Back to Adventure Running
Recommended local routes
Thames Towpath – head west or east!
Follow the Wandle all the way to Croydon!
Box Hill to Reigate (and back if you’re keen)
“Midsummer Munro” out and back route from Box Hill café
The Capital Ring – a great adventure which passes straight through the heart of Wimbledon. Complete in stages or in a “oner” if you’re keen!
Links for more information:
gofar.org.uk – lots of ideas for adventures all over the country
irunfar.com – International Ultra news and events
SLOW – local orienteering club for navigation skills and practice and home of one of the two fell races in the South East, the ever popular Box Hill Fell Race!

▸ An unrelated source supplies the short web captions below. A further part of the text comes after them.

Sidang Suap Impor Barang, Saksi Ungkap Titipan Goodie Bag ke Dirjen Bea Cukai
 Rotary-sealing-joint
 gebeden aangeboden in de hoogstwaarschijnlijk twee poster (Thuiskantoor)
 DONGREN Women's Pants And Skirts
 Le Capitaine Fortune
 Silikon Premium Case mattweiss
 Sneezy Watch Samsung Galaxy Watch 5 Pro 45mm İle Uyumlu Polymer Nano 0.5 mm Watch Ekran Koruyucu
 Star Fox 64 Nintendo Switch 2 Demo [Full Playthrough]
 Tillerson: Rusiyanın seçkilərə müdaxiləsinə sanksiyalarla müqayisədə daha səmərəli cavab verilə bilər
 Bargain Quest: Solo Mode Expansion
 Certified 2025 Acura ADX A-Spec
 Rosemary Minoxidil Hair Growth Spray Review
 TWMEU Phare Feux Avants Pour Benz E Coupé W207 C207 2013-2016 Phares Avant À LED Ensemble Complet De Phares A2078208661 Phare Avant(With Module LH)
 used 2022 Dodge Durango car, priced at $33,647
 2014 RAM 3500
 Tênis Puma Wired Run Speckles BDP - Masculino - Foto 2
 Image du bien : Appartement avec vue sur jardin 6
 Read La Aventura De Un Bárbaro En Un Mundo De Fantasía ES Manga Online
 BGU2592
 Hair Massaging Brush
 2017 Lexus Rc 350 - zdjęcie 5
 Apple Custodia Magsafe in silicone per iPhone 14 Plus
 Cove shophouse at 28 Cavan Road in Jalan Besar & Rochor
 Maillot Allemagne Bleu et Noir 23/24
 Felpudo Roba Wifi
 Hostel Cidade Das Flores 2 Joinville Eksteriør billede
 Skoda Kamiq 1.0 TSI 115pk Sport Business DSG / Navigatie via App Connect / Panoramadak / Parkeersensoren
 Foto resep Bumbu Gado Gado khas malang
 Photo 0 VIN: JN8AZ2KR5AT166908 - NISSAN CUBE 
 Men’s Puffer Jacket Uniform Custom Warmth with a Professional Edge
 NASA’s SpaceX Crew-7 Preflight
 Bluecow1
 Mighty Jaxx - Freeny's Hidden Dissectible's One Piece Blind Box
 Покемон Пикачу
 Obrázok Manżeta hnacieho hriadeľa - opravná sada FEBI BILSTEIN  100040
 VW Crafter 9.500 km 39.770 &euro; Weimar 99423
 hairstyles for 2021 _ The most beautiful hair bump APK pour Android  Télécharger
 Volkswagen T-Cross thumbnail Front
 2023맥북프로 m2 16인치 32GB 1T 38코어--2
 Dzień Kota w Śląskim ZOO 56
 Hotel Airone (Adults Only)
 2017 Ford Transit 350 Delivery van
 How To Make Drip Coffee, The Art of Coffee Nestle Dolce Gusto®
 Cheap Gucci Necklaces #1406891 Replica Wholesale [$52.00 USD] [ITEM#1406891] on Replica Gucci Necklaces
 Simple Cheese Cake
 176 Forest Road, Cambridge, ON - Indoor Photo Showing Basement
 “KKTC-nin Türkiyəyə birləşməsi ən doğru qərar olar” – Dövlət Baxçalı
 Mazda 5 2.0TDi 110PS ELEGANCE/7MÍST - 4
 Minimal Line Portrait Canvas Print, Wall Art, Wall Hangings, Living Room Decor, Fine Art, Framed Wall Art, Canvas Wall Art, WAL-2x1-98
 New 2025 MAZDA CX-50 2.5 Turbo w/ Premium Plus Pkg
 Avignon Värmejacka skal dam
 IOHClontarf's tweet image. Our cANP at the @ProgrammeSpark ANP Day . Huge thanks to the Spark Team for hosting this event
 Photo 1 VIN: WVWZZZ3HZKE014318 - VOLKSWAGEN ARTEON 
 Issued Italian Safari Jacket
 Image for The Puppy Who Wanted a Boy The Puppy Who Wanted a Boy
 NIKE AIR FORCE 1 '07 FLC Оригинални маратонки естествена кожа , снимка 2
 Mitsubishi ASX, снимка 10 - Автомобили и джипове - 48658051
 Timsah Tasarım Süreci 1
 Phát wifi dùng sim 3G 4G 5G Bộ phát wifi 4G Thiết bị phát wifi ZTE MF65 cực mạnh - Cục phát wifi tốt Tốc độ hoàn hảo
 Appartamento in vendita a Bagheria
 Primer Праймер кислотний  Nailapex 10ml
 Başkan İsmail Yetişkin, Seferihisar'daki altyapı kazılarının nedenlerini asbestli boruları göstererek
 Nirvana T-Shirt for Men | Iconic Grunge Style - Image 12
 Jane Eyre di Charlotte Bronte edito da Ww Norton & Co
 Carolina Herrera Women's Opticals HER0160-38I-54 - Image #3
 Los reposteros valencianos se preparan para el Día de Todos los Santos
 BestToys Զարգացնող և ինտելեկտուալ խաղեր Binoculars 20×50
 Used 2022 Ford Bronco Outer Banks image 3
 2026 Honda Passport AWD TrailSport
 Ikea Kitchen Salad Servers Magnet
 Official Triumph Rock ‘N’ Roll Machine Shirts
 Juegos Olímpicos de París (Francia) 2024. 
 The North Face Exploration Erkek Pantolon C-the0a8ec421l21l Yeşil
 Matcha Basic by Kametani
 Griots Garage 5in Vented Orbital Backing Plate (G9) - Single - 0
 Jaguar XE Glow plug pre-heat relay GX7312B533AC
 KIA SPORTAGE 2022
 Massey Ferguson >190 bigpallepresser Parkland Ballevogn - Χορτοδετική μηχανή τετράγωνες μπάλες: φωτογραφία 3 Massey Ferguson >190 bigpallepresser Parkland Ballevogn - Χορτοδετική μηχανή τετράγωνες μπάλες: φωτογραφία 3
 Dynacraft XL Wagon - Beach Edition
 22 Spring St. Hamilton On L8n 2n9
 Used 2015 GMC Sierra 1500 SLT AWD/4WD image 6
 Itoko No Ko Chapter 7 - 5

Of course, you should consider your safety in all of your running but it matters even more when you are off the beaten track, potentially in remote and difficult terrain. This isn’t a safety check list but more of a guide of some things to think about.
1. If possible, try not to run alone. Not only is it more fun in a group, it’s also much safer!
2. Carry route details and a way to navigate. I prefer a map and compass as they don’t run out of battery but these are only any good if you can use them effectively when the wind picks up and the mist comes down! Most phones now have a GPS and can display mapping. If relying on your phone, make sure it’s waterproof and the batteries will last. Also, expect not to have internet connection – if you do, it’s a bonus! Check out the OS Maps app or Outdoor Active for good mapping with the ability to store maps offline.
3. Try to be self-sufficient, and respectful of the volunteers who might have to come rescue you, but call for help before you deteriorate into a bad state. Mountain Rescue would rather guide off a lost runner than carry off a bad casualty.
4. Always leave details of your trip with someone. If possible, someone wrapped up safely at home but in the worst case, you can leave a note in the windscreen of your car. Include an outline of your route, start time, expected finish time (be generous!) and a time at which people should begin to worry. If you’re leaving details with someone inexperienced, write down who to contact, how and when and include what to say to them. An example might be calling 999 and asking for mountain rescue: “My name is YYY and my number is YYYY. My partner set out for a run and I’ve not heard from him beyond the time he expected to check back in and he asked me to call you. He set out to run up solo to Snowdon summit at 0900 following the Watkin path from Pont Bethania, returning the same way. He expected to return by 1400 and said to call at 1530 if I hadn’t heard. His name is Gareth Tomlinson, mid 40’s male, wearing a dark green base layer, red fleece and black waterproof with orange backpack. He is experienced, has water, food, whistle, torch and a foil blanket with him. His number is XXX.”
5. Consider using an app with a “buddy beacon” feature. This lets your nearest and dearest track you. Just be aware that these do rely on an internet connection so let your followers know not to panic if they don’t see you move for a while.
6. Be reasonable with your expectations and carry suitable provisions for your planned duration. If you’ve only ever run a flat half marathon, don’t head out solo for 80km across the mountains! Carry or have guaranteed means to get enough water, food and warming clothing for your expected time out. If expecting to find water from your surroundings, consider how you will purify it. There might be something unpleasant in that stream 50m up from where you are.
7. Keep an emergency kit for longer adventures and try to only use it in an emergency! As a minimum I carry a spare warm layer, whistle, small torch, some strapping tape, small scissors to cut it, a foil bivi bag and a gel.
8. Carry a hat and gloves and keep your warm clothes as dry as possible. Freezer ziplock bags are ideal for this!
9. Stay alert for hyperthermia. This could be a topic for a whole webpage but as a friend once said to me “any idiot can get cold, it takes a wise person to stay warm”. Add layers before you think you “need them”. Zipping up a jacket or putting on gloves can be hard with frozen fingers. Also be very aware of wind and when you might get into exposed positions. It can be fine climbing a hill but when you get to the exposed ridge or summit, it can get very cold very fast and a comfortable situation can go downhill very quickly.
Of course this is all just part of body management and very much part of the game. If you’re not sure, perhaps seek some more experienced company but don’t let it put you off!